What you should do: Starting at the line where "ix35 gls 2.0" occurs, reproduce each line through the end of the entries below exactly. Omit every picture.

Data in this exercise:
_ _ _ _ _ _ _
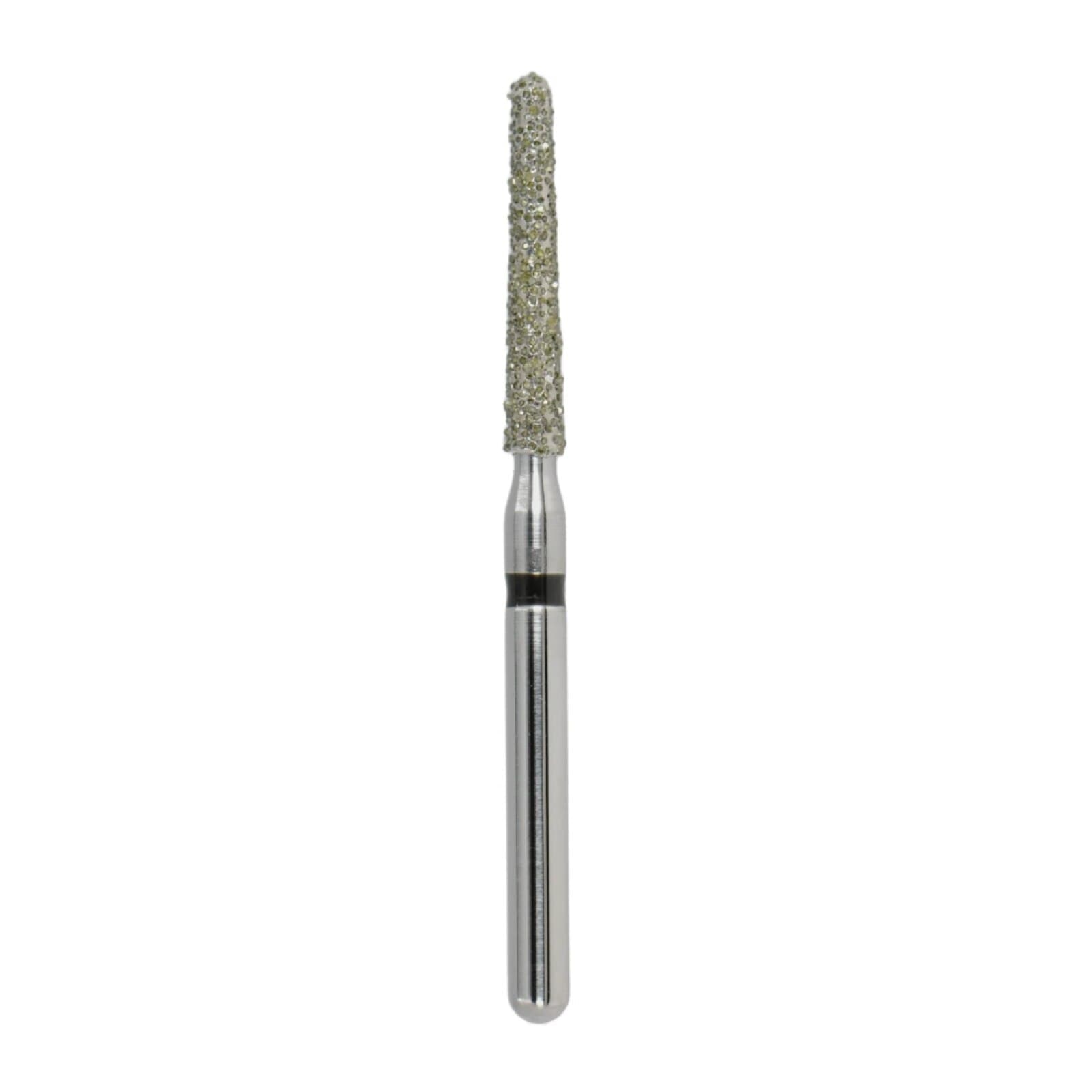 SimpliCut Single-Use Sterile Diamond Bur, Round End Taper, Super Coarse, Friction Grip, 25/Pkg, SC850-014-D thumbnail 2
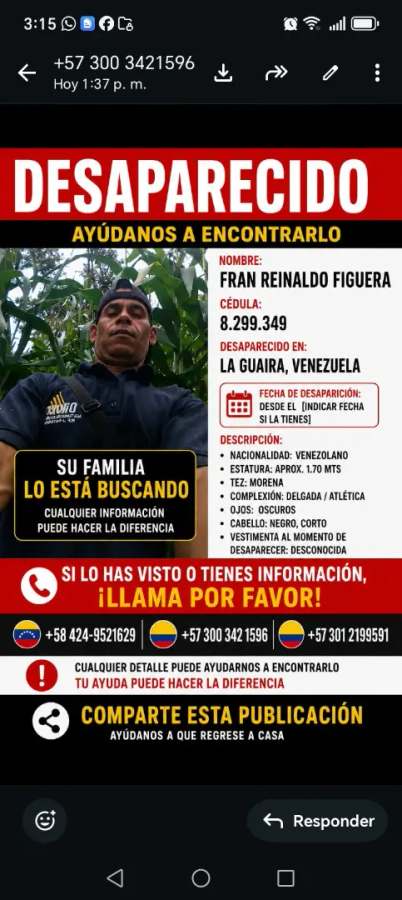 Frank Reinaldo Figuera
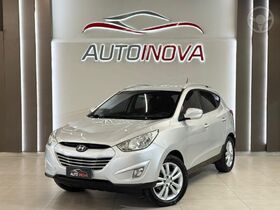 ix35 gls 2.0 16v 2wd flex aut.  2014 ivoti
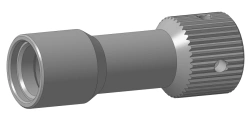 Guide rail nozzle, part no. 510.005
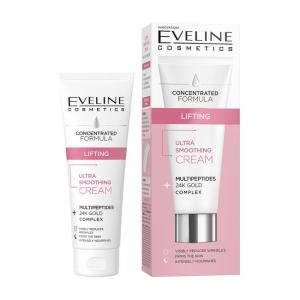 Ультраразглаживающий лифтинг-крем для лица Eveline, 50 мл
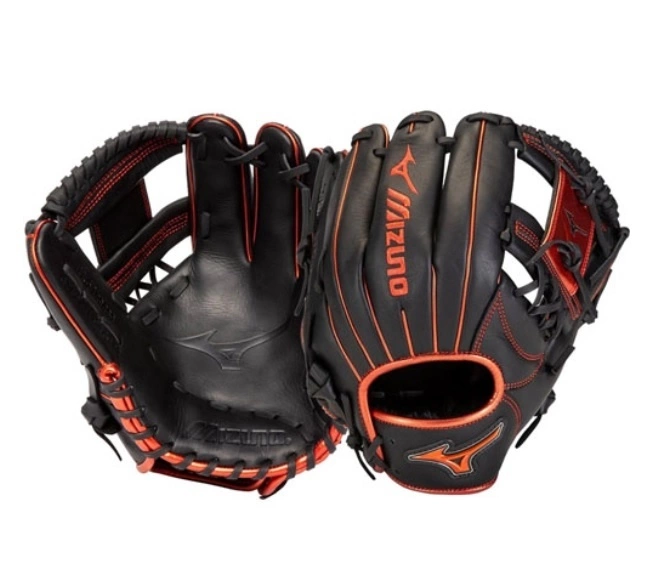 2020 MIZUNO MVP PRIME SE8 BASEBALL GLOVE BLACK-RED 12" LHT 1 2020 MIZUNO MVP PRIME SE8 BASEBALL GLOVE BLACK-RED 12" LHT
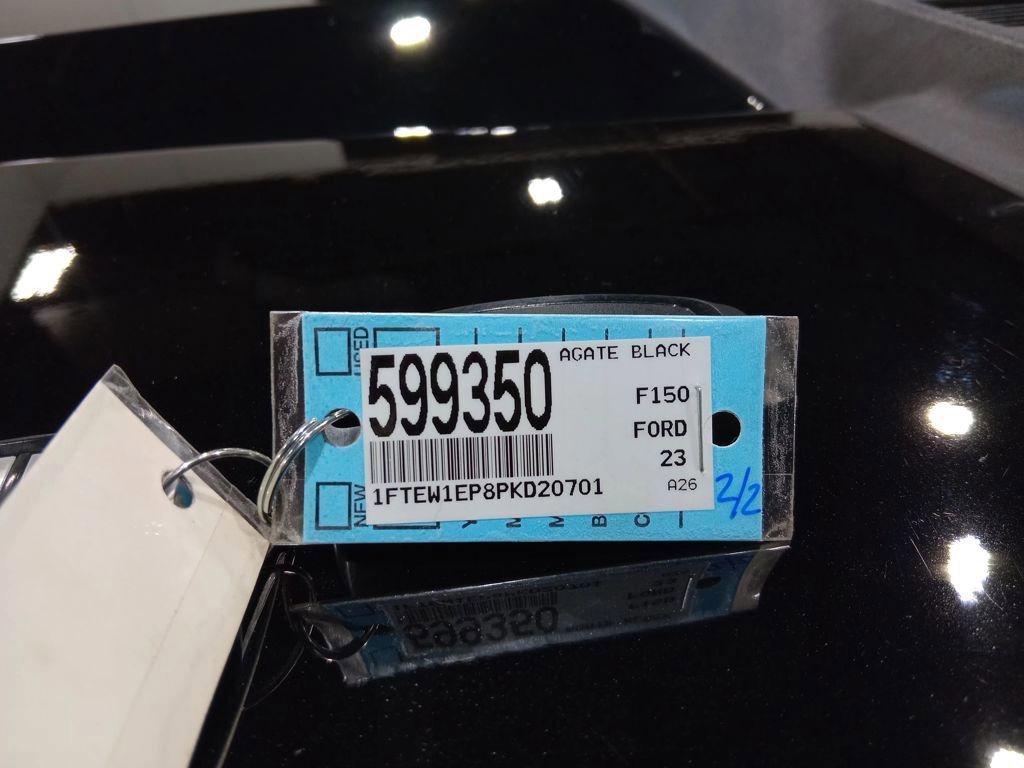 Certified 2023 Ford F150 XLT w/ Equipment Group 302A High image 34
_ _ _ _ _ _ _
Expected answer:
 ix35 gls 2.0 16v 2wd flex aut.  2014 ivoti
 Guide rail nozzle, part no. 510.005
 Ультраразглаживающий лифтинг-крем для лица Eveline, 50 мл
 2020 MIZUNO MVP PRIME SE8 BASEBALL GLOVE BLACK-RED 12" LHT 1 2020 MIZUNO MVP PRIME SE8 BASEBALL GLOVE BLACK-RED 12" LHT
 Certified 2023 Ford F150 XLT w/ Equipment Group 302A High image 34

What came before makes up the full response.